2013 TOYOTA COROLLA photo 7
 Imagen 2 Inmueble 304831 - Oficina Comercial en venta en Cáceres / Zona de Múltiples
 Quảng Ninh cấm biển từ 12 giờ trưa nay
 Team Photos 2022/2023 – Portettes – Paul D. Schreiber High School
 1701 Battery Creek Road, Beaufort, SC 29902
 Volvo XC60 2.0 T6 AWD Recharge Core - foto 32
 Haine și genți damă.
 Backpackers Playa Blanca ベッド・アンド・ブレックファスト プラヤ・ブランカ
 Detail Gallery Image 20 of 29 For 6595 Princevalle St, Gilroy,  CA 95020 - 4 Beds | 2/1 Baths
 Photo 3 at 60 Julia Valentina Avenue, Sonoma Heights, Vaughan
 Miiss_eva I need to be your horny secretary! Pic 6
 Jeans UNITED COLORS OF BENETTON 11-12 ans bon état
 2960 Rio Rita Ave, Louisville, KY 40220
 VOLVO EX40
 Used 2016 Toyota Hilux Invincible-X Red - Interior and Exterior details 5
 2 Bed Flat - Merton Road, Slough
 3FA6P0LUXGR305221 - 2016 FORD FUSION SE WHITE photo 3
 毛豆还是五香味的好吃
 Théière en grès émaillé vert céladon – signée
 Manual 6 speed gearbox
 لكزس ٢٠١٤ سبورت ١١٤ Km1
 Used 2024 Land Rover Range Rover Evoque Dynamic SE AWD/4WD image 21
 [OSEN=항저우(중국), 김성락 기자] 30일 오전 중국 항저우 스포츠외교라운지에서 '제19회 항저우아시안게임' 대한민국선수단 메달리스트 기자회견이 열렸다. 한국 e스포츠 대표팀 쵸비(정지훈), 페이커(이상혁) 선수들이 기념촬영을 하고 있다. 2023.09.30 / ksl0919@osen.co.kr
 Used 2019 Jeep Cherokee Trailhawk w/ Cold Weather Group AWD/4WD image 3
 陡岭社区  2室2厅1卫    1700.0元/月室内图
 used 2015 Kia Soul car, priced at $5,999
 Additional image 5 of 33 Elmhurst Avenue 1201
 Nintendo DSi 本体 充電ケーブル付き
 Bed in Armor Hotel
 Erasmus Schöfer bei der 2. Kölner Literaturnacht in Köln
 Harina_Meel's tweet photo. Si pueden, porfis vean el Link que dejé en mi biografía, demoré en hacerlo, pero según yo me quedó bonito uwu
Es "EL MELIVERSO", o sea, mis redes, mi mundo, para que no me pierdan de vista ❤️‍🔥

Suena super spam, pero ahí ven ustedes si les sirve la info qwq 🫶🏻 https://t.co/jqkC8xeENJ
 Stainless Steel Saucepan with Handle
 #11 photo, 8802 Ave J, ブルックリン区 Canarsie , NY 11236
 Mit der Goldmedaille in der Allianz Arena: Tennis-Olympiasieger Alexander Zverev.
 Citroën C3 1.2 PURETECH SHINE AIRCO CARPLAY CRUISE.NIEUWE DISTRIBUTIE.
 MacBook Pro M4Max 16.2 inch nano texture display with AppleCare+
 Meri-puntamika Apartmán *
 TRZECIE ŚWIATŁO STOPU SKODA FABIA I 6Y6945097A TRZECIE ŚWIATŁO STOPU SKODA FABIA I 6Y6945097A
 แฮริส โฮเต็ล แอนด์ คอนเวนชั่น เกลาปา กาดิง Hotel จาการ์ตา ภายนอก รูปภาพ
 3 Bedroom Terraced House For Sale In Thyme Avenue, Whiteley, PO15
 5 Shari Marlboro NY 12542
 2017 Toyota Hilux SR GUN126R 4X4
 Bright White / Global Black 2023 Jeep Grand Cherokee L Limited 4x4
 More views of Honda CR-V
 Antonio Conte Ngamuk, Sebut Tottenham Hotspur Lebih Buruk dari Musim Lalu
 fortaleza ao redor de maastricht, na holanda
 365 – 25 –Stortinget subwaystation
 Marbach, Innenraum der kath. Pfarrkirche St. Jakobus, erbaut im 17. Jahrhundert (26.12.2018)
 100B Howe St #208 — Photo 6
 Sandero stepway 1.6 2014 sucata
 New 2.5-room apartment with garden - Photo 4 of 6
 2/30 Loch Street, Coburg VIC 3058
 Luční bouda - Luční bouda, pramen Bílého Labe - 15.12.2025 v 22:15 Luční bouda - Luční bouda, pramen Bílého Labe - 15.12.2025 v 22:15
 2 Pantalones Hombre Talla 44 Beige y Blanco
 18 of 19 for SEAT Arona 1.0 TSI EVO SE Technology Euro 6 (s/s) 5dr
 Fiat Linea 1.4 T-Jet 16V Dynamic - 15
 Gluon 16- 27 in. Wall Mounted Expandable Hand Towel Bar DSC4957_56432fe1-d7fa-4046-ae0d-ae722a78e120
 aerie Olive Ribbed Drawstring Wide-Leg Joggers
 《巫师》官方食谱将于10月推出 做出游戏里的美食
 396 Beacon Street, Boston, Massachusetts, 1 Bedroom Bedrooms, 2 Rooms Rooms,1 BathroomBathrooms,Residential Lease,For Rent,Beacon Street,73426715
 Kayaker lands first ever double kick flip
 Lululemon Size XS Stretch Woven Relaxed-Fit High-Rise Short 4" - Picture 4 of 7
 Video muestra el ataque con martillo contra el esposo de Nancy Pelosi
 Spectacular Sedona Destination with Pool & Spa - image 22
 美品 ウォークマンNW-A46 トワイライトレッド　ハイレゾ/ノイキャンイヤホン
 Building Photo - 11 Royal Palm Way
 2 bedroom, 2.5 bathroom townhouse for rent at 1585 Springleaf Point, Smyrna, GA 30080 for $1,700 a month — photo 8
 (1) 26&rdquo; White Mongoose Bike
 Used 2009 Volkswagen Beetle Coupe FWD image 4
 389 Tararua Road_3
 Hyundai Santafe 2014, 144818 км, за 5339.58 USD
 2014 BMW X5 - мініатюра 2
───
__TASK DESCRIPTION__
A complete answer gives every line of the data that includes "pero".

__RESPONSE FOR THIS EXERCISE__
 Harina_Meel's tweet photo. Si pueden, porfis vean el Link que dejé en mi biografía, demoré en hacerlo, pero según yo me quedó bonito uwu
Suena super spam, pero ahí ven ustedes si les sirve la info qwq 🫶🏻 https://t.co/jqkC8xeENJ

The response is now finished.